◆ What is required: In the data below, find the line containing "Isabelle Lancray Anti-Aging", then set down that line and every later line up to and including the line containing "gray stone wall, natural", exactly.

(Scraped caption text data)
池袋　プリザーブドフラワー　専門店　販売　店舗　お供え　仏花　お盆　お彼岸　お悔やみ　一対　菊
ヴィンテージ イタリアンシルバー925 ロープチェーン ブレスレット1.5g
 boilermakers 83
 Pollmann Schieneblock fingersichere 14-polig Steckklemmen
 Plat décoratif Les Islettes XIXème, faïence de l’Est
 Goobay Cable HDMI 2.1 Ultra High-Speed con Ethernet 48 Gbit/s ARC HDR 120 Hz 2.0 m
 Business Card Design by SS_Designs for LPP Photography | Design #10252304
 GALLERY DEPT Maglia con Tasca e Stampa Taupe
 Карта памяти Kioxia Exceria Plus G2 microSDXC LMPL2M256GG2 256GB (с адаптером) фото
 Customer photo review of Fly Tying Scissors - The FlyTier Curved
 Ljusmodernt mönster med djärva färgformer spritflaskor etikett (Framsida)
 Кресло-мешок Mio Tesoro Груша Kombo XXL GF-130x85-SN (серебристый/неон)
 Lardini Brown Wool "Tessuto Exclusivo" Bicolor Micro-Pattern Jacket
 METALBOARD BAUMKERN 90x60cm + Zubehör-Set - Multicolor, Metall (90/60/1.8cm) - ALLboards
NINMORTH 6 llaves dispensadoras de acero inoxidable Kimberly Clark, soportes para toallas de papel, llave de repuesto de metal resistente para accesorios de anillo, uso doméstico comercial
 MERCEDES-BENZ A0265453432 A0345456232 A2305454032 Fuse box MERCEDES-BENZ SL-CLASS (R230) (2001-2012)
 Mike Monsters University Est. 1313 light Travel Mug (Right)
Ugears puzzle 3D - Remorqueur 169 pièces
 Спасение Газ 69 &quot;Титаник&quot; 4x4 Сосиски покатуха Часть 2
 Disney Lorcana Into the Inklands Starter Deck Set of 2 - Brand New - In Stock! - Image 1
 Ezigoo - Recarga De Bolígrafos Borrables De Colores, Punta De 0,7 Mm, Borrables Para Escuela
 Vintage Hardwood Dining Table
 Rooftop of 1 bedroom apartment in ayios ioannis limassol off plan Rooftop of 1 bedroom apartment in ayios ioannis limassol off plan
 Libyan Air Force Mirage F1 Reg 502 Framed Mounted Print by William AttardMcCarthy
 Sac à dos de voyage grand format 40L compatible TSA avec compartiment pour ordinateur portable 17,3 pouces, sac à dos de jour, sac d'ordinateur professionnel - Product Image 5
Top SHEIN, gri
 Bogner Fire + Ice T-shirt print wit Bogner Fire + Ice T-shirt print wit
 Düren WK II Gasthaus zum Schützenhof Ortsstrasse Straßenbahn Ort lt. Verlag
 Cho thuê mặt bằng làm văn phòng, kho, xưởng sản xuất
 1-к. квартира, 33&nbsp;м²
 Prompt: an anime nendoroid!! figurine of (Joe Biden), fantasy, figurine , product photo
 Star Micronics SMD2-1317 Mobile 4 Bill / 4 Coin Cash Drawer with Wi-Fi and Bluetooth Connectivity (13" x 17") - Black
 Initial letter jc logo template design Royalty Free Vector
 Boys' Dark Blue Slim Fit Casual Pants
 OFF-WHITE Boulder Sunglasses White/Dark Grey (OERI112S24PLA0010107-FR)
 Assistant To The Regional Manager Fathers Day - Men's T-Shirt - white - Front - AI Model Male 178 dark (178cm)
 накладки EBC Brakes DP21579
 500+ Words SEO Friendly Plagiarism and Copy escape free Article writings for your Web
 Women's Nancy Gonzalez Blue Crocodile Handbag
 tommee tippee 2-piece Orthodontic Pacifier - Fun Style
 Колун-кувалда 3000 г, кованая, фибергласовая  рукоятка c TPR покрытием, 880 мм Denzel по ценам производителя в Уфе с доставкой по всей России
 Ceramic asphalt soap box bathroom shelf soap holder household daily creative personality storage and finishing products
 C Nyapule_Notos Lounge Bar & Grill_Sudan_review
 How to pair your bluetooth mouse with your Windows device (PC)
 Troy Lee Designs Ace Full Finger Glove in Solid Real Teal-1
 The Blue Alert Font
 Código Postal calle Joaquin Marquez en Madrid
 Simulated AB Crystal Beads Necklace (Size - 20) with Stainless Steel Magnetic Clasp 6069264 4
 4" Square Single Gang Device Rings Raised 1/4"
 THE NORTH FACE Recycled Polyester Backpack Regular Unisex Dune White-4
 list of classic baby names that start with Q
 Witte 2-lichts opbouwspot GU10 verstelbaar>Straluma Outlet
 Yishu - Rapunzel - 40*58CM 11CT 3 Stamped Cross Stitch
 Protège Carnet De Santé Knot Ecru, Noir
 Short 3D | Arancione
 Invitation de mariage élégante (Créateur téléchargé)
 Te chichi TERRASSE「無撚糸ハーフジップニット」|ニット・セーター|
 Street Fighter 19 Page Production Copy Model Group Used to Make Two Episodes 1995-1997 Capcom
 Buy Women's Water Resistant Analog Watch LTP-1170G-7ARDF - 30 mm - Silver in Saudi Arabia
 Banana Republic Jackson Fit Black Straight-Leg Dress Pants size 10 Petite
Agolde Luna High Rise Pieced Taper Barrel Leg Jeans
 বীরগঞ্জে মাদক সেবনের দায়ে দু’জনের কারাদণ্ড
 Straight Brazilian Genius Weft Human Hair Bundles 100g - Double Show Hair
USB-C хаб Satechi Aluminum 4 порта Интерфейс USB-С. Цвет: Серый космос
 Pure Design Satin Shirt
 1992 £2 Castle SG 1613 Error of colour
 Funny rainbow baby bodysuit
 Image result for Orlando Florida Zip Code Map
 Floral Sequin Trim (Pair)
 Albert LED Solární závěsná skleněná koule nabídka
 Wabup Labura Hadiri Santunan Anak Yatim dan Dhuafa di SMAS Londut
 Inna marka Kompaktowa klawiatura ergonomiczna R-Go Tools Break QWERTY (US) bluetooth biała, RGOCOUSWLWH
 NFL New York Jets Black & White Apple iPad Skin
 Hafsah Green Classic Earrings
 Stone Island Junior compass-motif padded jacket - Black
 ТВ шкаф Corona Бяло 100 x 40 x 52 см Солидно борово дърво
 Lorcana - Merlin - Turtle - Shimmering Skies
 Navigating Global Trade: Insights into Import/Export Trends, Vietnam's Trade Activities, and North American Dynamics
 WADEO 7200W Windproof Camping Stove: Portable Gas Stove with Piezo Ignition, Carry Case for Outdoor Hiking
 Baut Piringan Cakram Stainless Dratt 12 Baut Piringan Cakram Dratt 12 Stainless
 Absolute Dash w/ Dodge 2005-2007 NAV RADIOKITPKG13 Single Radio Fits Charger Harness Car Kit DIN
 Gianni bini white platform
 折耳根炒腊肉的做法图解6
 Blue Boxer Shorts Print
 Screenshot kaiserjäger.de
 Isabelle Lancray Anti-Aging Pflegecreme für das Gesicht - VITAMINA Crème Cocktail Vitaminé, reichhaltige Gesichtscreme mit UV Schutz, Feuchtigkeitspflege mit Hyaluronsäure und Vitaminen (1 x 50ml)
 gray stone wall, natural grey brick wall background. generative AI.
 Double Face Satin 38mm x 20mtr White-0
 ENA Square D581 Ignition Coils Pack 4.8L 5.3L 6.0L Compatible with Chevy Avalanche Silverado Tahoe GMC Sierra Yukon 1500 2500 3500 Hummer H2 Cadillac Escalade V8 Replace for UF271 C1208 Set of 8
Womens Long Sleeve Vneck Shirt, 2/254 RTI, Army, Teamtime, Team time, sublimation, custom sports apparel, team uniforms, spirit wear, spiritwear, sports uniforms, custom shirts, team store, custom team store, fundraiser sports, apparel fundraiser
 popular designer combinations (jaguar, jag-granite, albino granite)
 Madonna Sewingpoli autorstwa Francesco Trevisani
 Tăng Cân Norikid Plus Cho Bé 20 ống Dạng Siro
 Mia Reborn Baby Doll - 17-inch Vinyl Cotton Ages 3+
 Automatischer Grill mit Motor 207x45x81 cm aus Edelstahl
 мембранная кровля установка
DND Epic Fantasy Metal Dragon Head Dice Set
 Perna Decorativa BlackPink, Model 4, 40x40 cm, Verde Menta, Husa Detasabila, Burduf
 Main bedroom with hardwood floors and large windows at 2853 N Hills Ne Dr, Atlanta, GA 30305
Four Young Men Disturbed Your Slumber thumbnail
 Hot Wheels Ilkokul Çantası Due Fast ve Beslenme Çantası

◆ Output of the task:
 Isabelle Lancray Anti-Aging Pflegecreme für das Gesicht - VITAMINA Crème Cocktail Vitaminé, reichhaltige Gesichtscreme mit UV Schutz, Feuchtigkeitspflege mit Hyaluronsäure und Vitaminen (1 x 50ml)
 gray stone wall, natural grey brick wall background. generative AI.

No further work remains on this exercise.